Sorting and stacking the cylinders

Once we had talked about the 5 shapes, I showed him a selection of toys and kitchen objects which were the shapes we had discussed (the only cone I could find was a toy traffic cone which isn't a real cone shape, it's got a square base and a flat top). Tinned food mostly comes in (almost) cylindrical tins and most boxes of food are cuboids. I asked him to sort them into piles of each shape. He decided to build towers of each shape, which worked well for the cylinders, cuboids and cubes but not so well for the sole cone (which I explained wasn't a proper cone shape) or the spheres (as balls don't stack well!). He was quick at the sorting which showed he could recognise the shapes and he started to use the right names (he already knew cube and cone, but not the others), and we talked a bit about how the shapes can be very different sizes e.g. small and large cuboid boxes or flat and tall cylinders. Once he'd finished, his little brother decided it looked fun and built towers of cylinders and cuboids too, although he wasn't as good at realising that bigger ones were best near the bottom of the pile!

Shapes almost sorted

Subsequently we also did a little 'treasure hunt' for the shapes around the house. Cuboids are definitely easiest to find, but there were plenty of cylinders and spheres (we have some ball pit balls...), and quite a few cube-shaped toys. I asked him to locate one of each shape.  It didn't take long, but it did at least get him looking for the shapes.  You could make it harder by hiding single examples of each or at least making some difficult to find to occupy children for a little longer!

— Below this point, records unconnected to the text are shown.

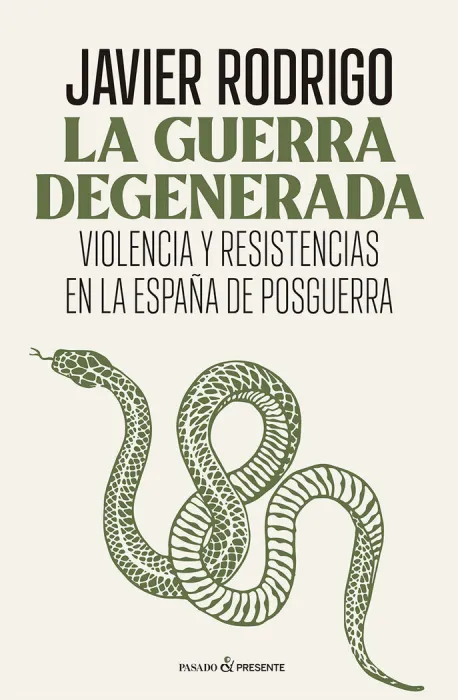 Guerra Degenerada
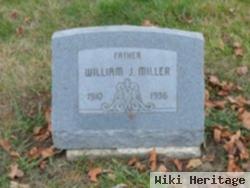 William J Miller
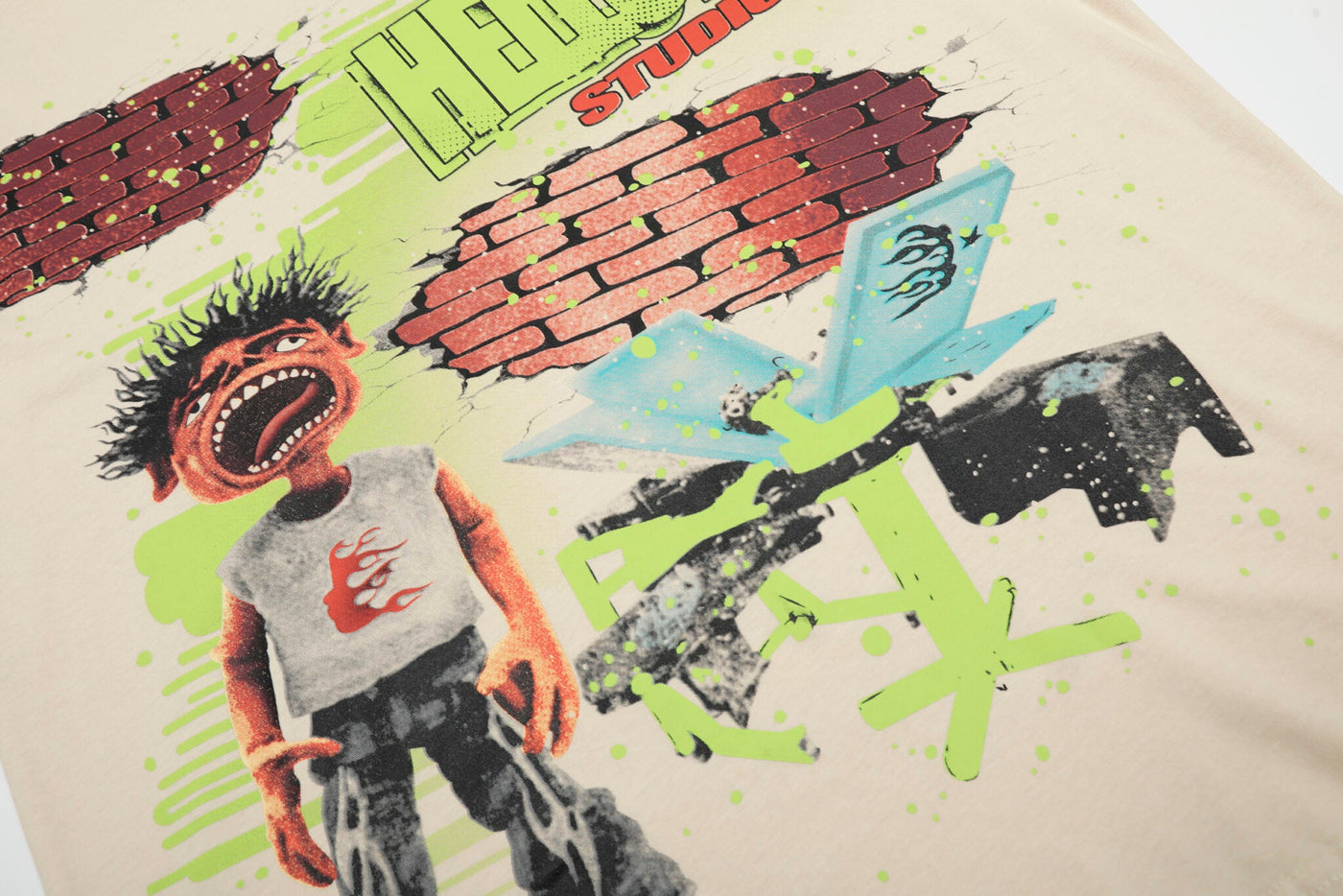 Camiseta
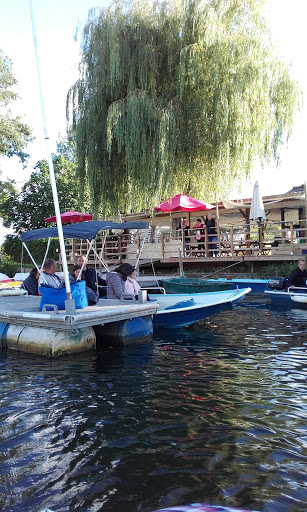 La Guinguette de Fléac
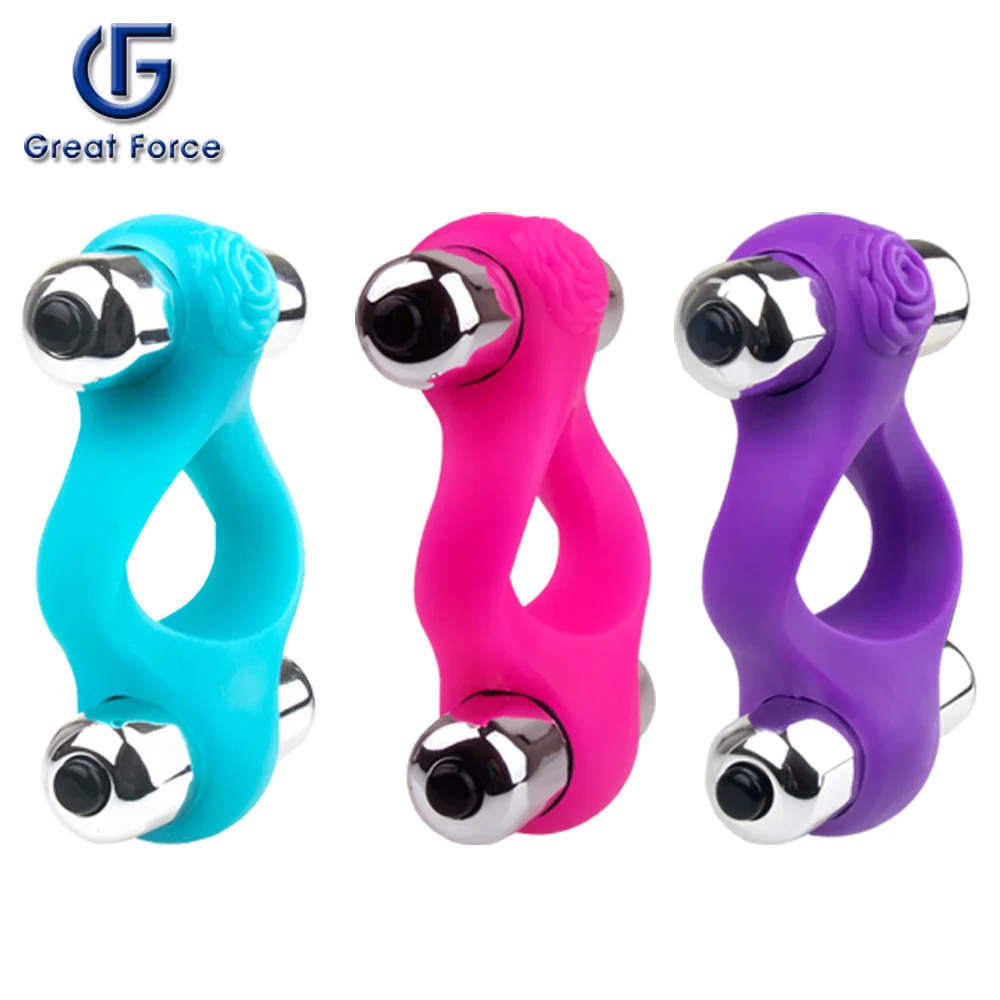 Silicone Penis Ring Delay Premature Ejaculation Lock Fine Sex Toys For Men Cock ring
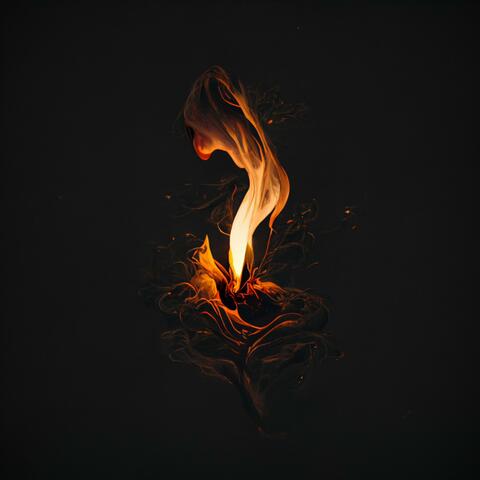 To Burn Gently Is To Love Deeply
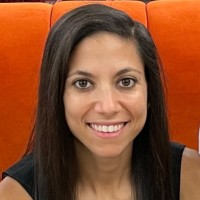 Nicole Griffin (Delbosque)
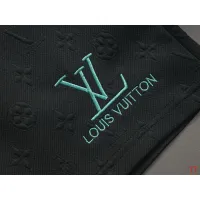$48.00 USD Louis Vuitton LV Pants For Unisex #1458716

You could modify this 3D shape sorting and treasure hunt activity several ways depending on what you have available and the prior knowledge of your children:
- to simplify, just look for cubes or spheres (which you could call a ball shape) or even make it about 2D shapes e.g. circles, squares and triangles
- to make harder, you could add other shapes
- if you have magnetic tiles, for children with a longer attention span, you could build new shapes they don't know about together or you could even extend to making some of the shapes from cardboard to learn about nets; I will probably try this with my boys when they are older.